Outdoors Column: Spring Activities

It was not quite daylight when I opened the door to let the dogs out this morning. The first sound I heard was a booming gobble from a Tom turkey, coming from somewhere toward the lake. The dogs and I looked but could see nothing in the pre-dawn light. The echo of his gobble reverberating down the valley would just die down when he would gobble again. The dogs were interested, but not enough to venture out to find him at that time of the morning. They did what needed to be done and wanted back in the house. Jag promptly returned to his pillow in the garage while Billie followed me into the house, taking up his daytime position on the couch. During the night, he guards the house from his pillow at the foot of our bed. During daytime hours, he watches over us from the couch when he is not eating or sleeping. It is called a dog’s life. If only we all could have it so good.

 

He seemed to be sound asleep when his head popped up and he jumped down from the couch, going to the window. He stared out intently, apparently still listening to the noisy gobbler. It was beginning to get light enough to see, so I went to help him stare out of the window. We could just make out the gobbler as he strutted across the top of the dam. He would stop occasionally to gobble and continue strutting in circles while making his way closer.

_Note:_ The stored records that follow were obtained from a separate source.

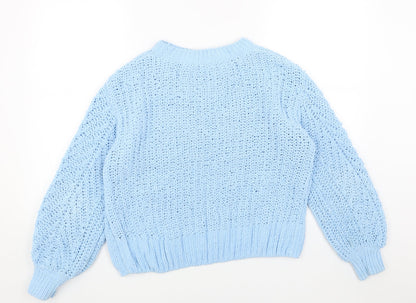 Womens UK Size S H&M Blue Pullover Jumper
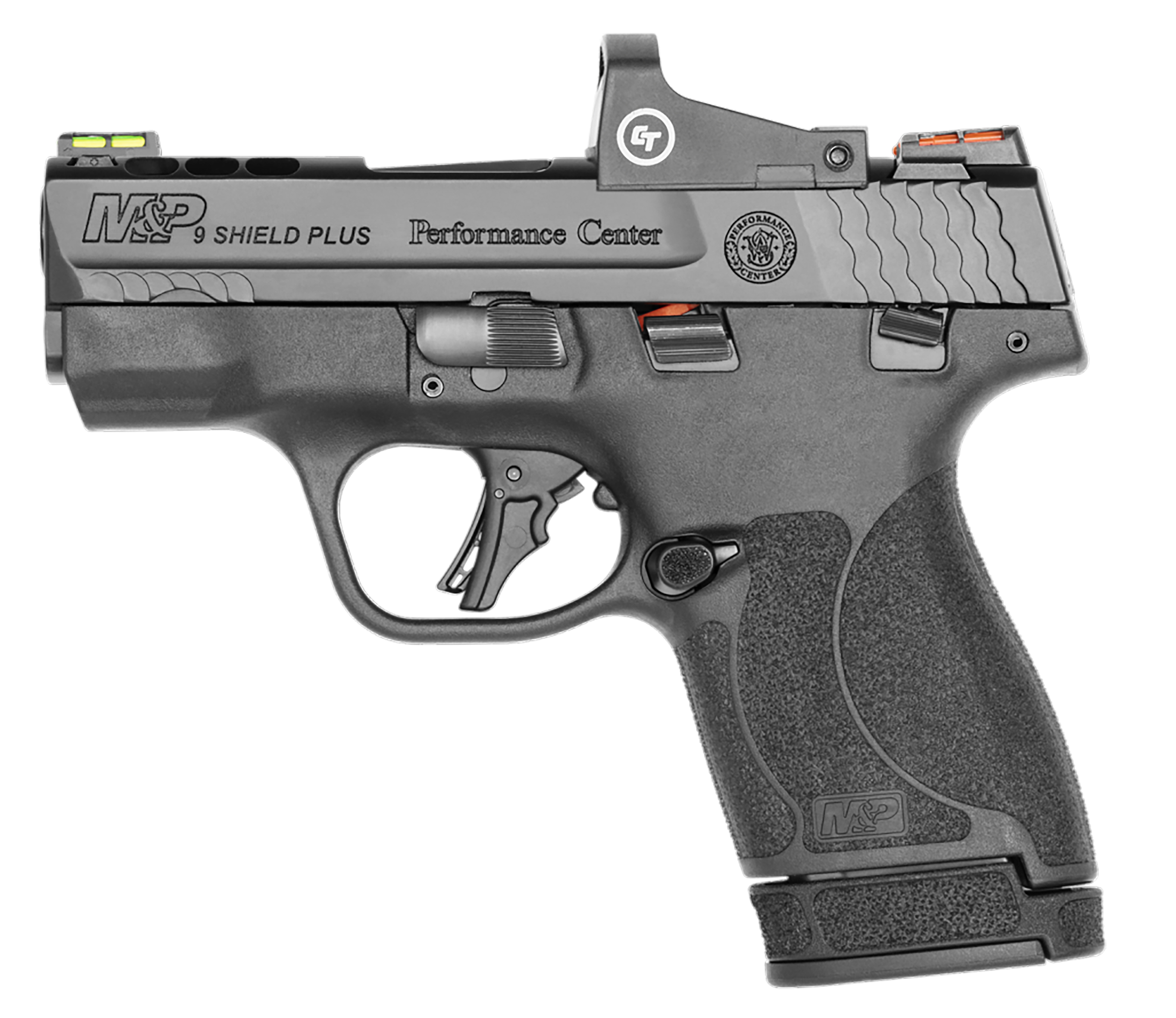 Smith and Wesson M&P9 Shield Plus PC Pistol 13479, 9mm, 3.1in Ported, Black Polymer Grips, 13 Rds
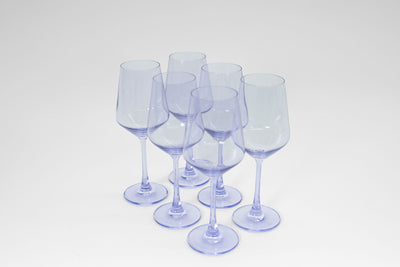 Lady Lavender - Stemless Colored Wine Glass
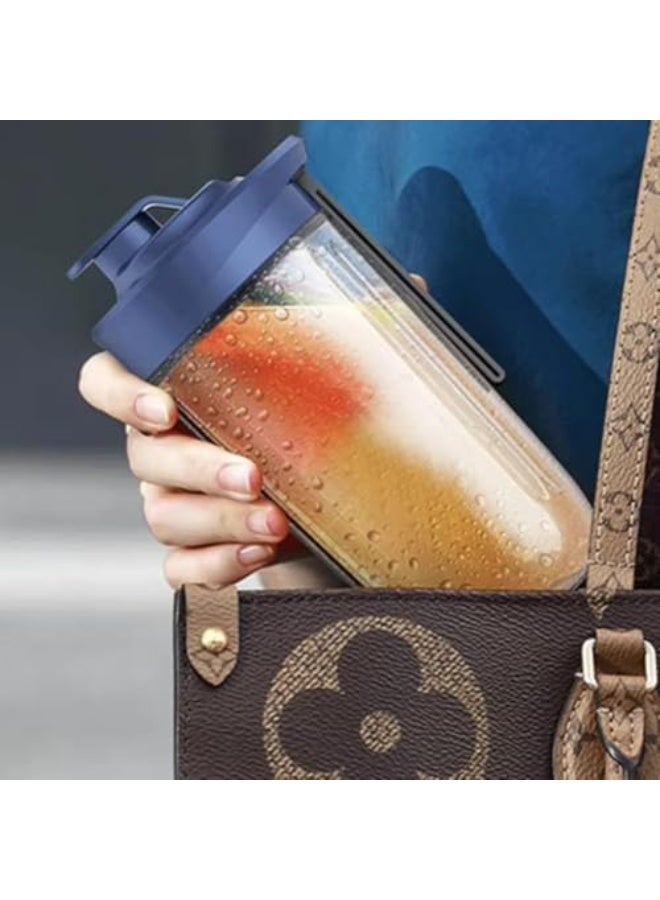 Portable Blender Electric Juicers Fruit Mixers USB Rechargeable Smoothie Mini Personal Juicer 6 Blades 3Gears With 1500 Mah Rechargeable Battery-Smoothie Blender - Image 5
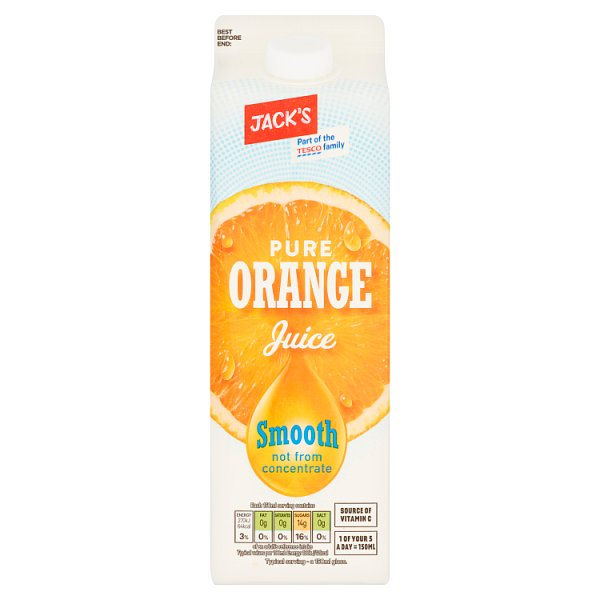 JACKS PURE ORANGE JCE SMTH 1LTR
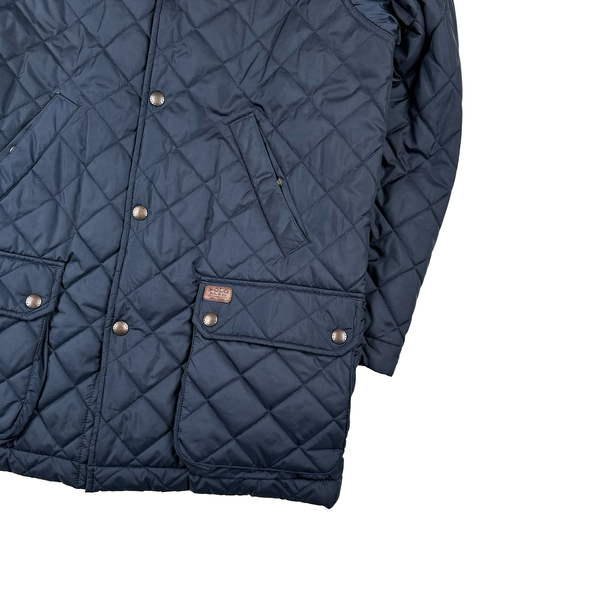 Ralph Lauren Navy Diamond Quilted Jacket - Small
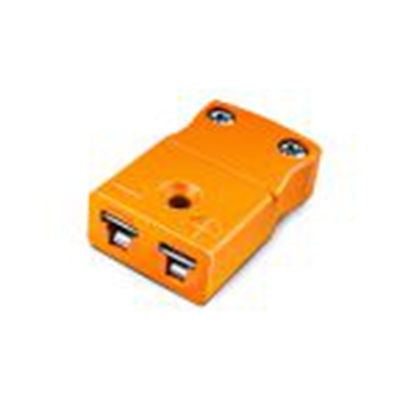 RS PRO,262-3129,微型热电偶连接器 插座, 用于热电偶, Φ4mm探头, 最高220°C, 橙色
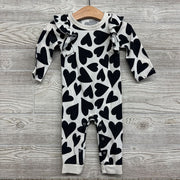 LS Outfit Hearts Ruffles 6-9M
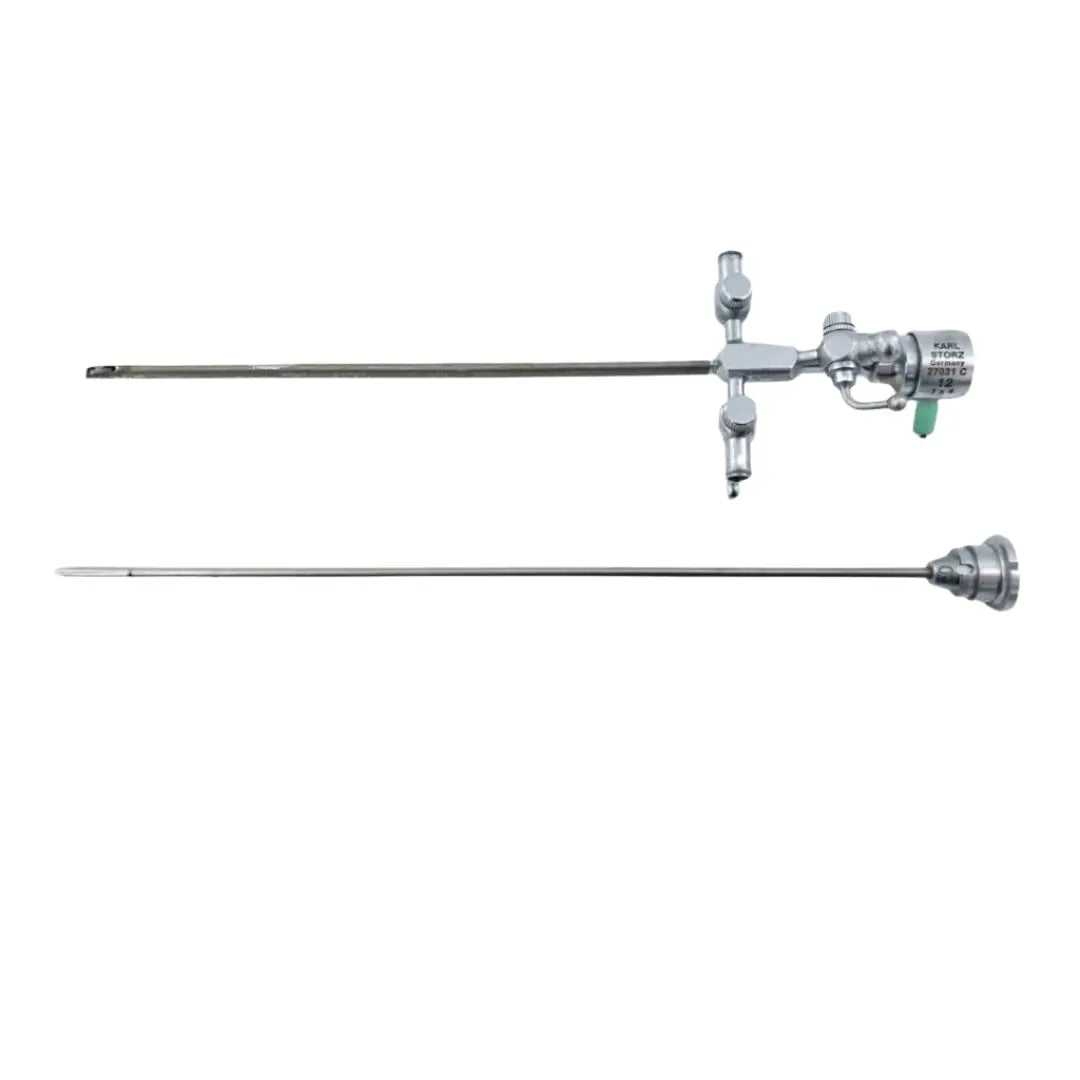 Karl Storz 27031C 1 x 4 Pediatric Cystoscope Sheath 12Fr. w/ Obturator 8" Karl Storz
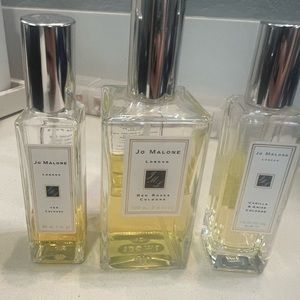 Three Jo Malone colognes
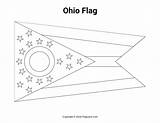 Ohio Coloring Flag Flaglane Printable Flags Pages Choose Board sketch template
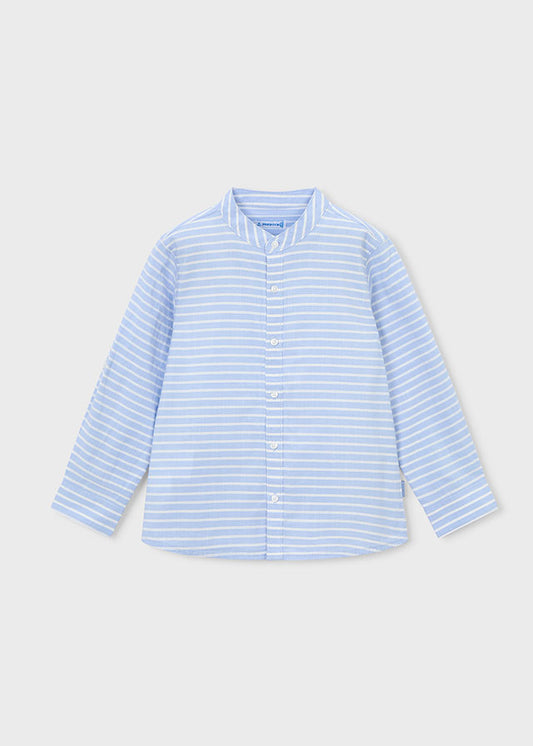 Camicia m/l c/coreana righe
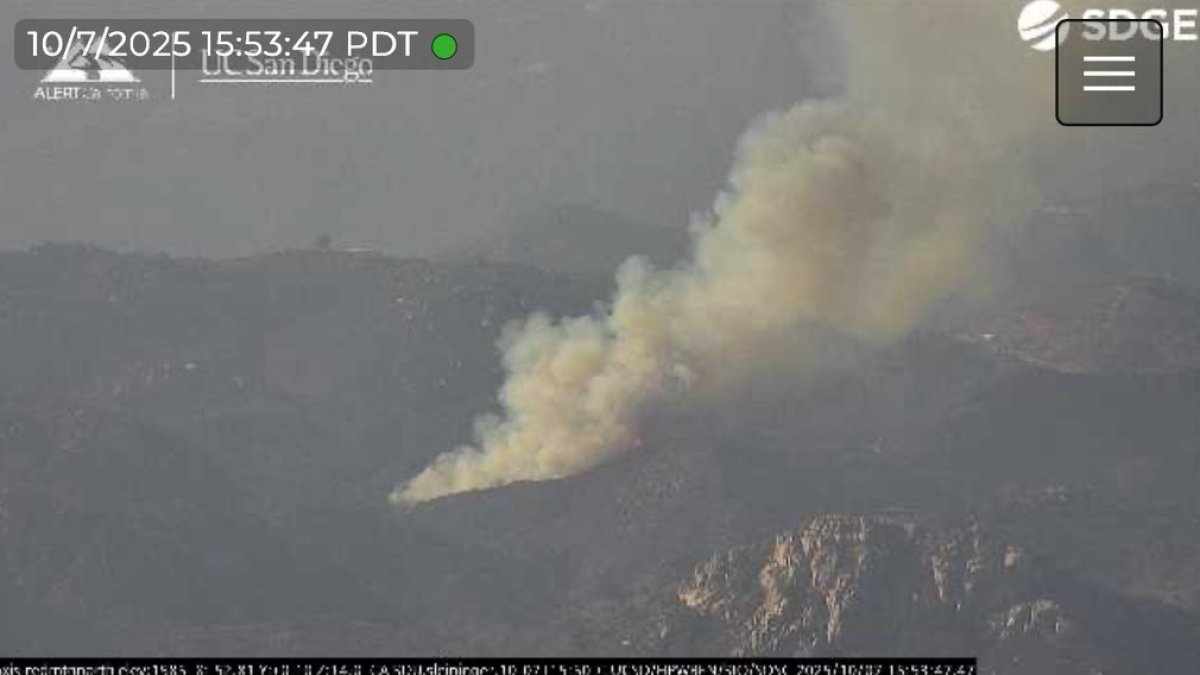 Brush fire sparks in far North County – NBC 7 San Diego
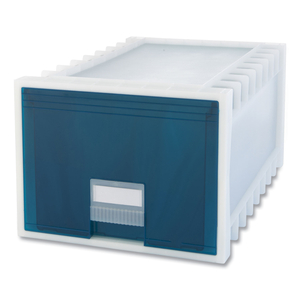 ARCHIVE STORAGE DRAWERS, LETTER/LEGAL FILES, 15.13 X 24.3 X 11.38, FROST/AQUA by Storex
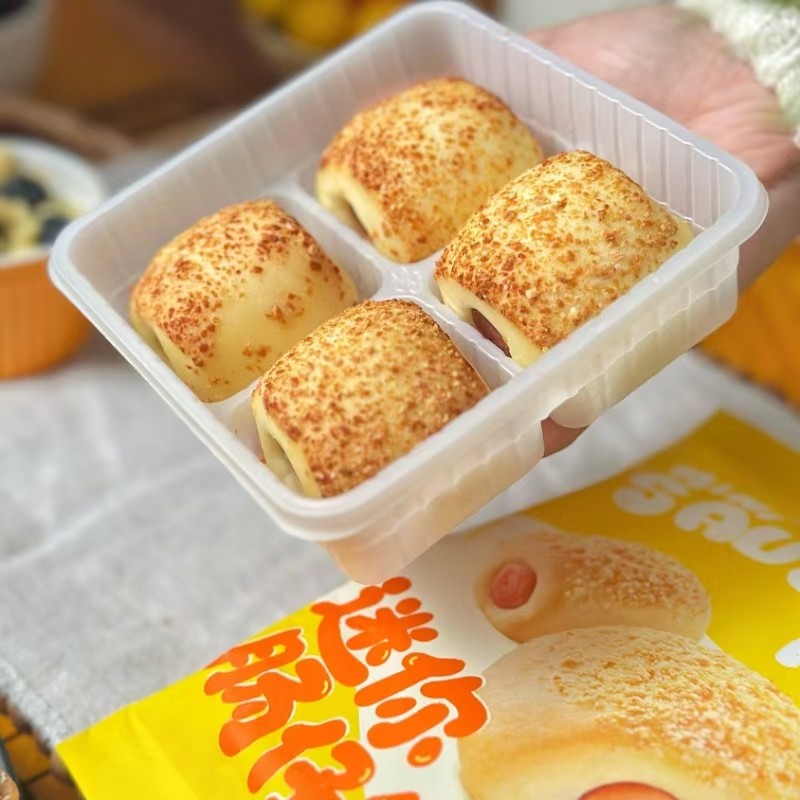 小黄象迷你肠仔包100g咸甜松软加热即食面包夹火腿肠学生早餐零食,淘宝优惠券,粉丝福利购,淘宝优惠卷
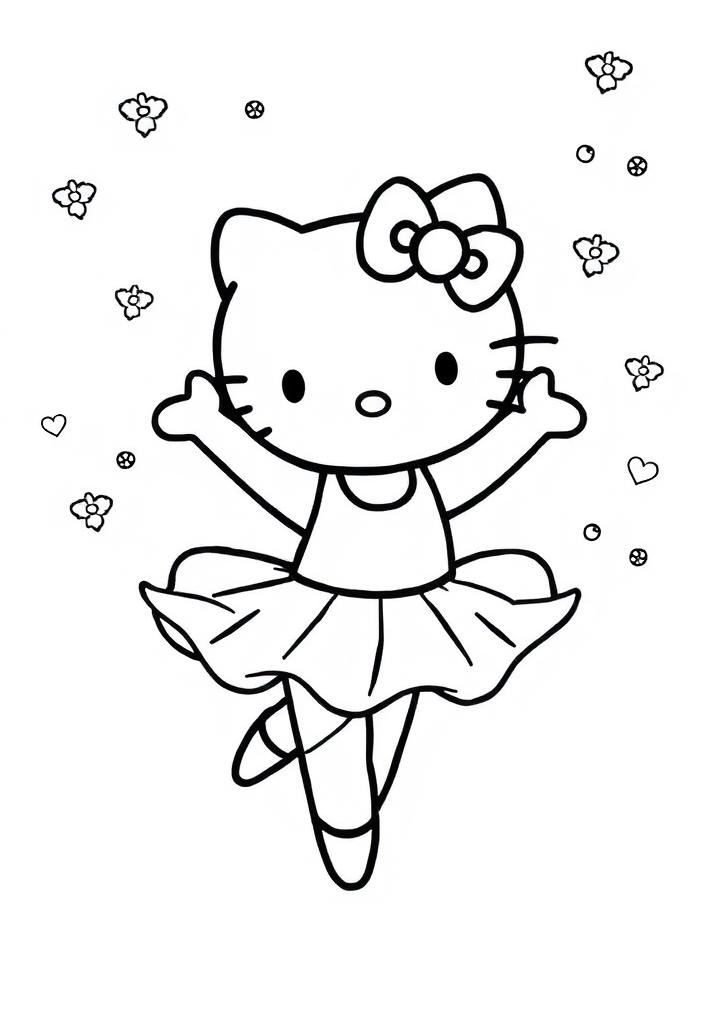 Hello Kitty Ballerina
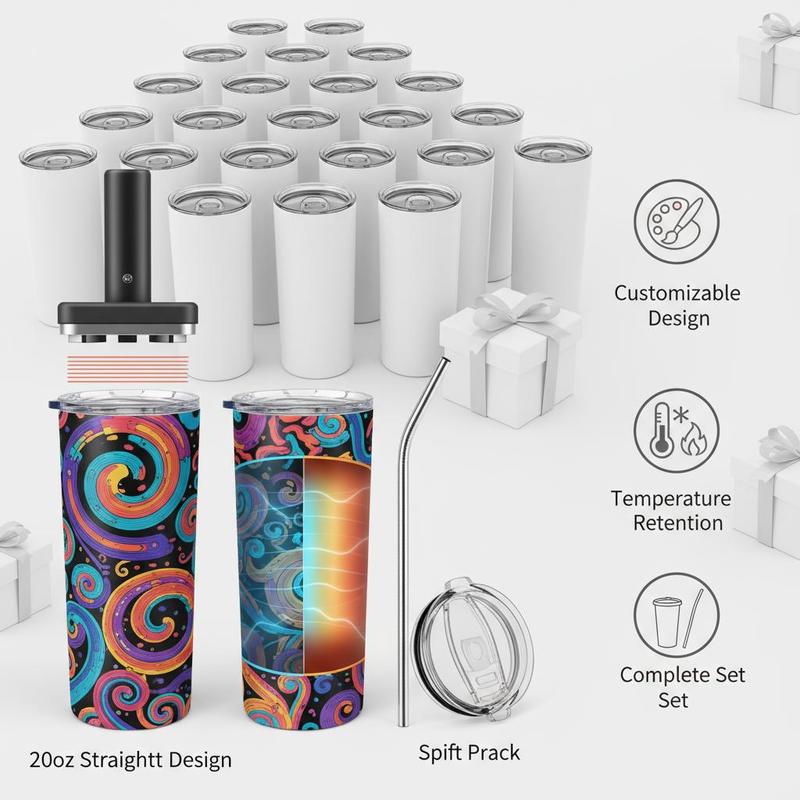 16 Pack Sublimation Insulated  - Tumbler 20Oz White ulasan dan harga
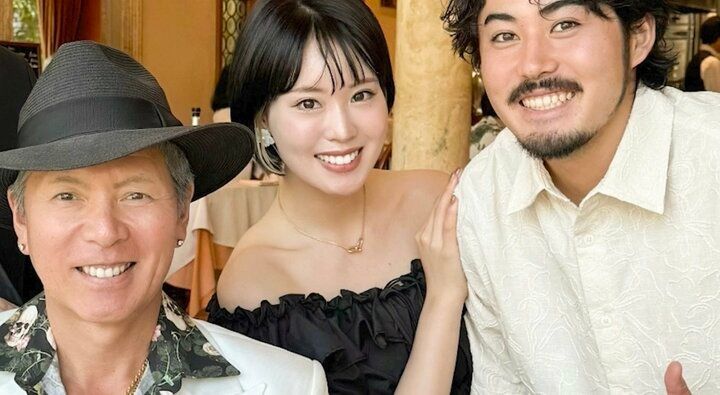 【写真・画像】「マフィアじゃないですか！」パンチ佐藤の娘婿、義父との初対面時の印象明かす「ヤクザ映画に出てくるくらいの…」美人妻との3ショット公開 1枚目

This is one more sign that spring is here, and we have survived another winter.

 

My wife and I spent most of the day working in the yard and doing anything we could to be outside enjoying the nice weather. By late afternoon, we were both feeling muscles we forgot we had. My wife wanted nothing more than to sit on the porch, so I decided to try my luck at fishing. I had not wet a line since early last fall. The fish were surely missing me.

 

The dogs ran along the top of the dam, enjoying the warm sunlight while smelling the tracks of the earlier gobbler and many other animals that had passed that way. From the shore, I cast toward the island using a colorful plastic grub as a lure. Nothing seemed interested so I moved down the bank through a patch of water-grass. On my second step into the tall grass, a coot went fluttering out and landed about fifty feet away. I stopped and looked around carefully so I would not step on her nest but could not find it. Since she waited until I almost stepped on her, I am sure she had a nest there somewhere. I could not find it, so I backed up and walked around the grassy patch while she watched me from a safe distance.

 

The new fishing spot was more productive. I caught two bass in just a few minutes. When a few more minutes passed without a bit, I decided to go help my wife sit on the porch. The point had been made that there were still fish in the lake, and they could be caught. The dogs got everything examined and smelled. It was time to rest my sore muscles and enjoy the sunset from the porch.